* **TASK DETAILS**
Below are records; report the number of lines in them that include the word "image", with no other text.

* **DATA FOR THE TASK**

>>>

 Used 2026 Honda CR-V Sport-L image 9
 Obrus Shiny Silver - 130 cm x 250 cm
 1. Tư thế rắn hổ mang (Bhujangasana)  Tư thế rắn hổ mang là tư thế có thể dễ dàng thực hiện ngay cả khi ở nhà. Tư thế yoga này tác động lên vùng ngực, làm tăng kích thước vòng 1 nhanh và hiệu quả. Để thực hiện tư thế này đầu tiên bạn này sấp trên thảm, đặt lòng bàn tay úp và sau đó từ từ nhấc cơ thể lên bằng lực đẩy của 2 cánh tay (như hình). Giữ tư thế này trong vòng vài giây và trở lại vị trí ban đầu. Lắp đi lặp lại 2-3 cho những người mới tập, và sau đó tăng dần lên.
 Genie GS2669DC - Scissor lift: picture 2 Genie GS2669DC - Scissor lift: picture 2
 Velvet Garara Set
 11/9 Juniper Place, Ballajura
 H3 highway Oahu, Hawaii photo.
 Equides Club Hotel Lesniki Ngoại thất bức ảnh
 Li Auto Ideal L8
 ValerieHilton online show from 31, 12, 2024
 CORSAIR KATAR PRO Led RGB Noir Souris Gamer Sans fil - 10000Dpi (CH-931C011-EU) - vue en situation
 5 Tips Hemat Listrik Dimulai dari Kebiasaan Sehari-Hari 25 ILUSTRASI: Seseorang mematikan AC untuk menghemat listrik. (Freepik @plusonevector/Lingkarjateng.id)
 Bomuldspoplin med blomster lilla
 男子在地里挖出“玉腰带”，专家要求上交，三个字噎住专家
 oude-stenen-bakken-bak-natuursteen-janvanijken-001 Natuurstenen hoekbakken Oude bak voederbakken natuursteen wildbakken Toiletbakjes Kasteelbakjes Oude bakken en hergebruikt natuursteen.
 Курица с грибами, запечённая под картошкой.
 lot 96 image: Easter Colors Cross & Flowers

<<<

* **ANSWER TO THIS TASK**
2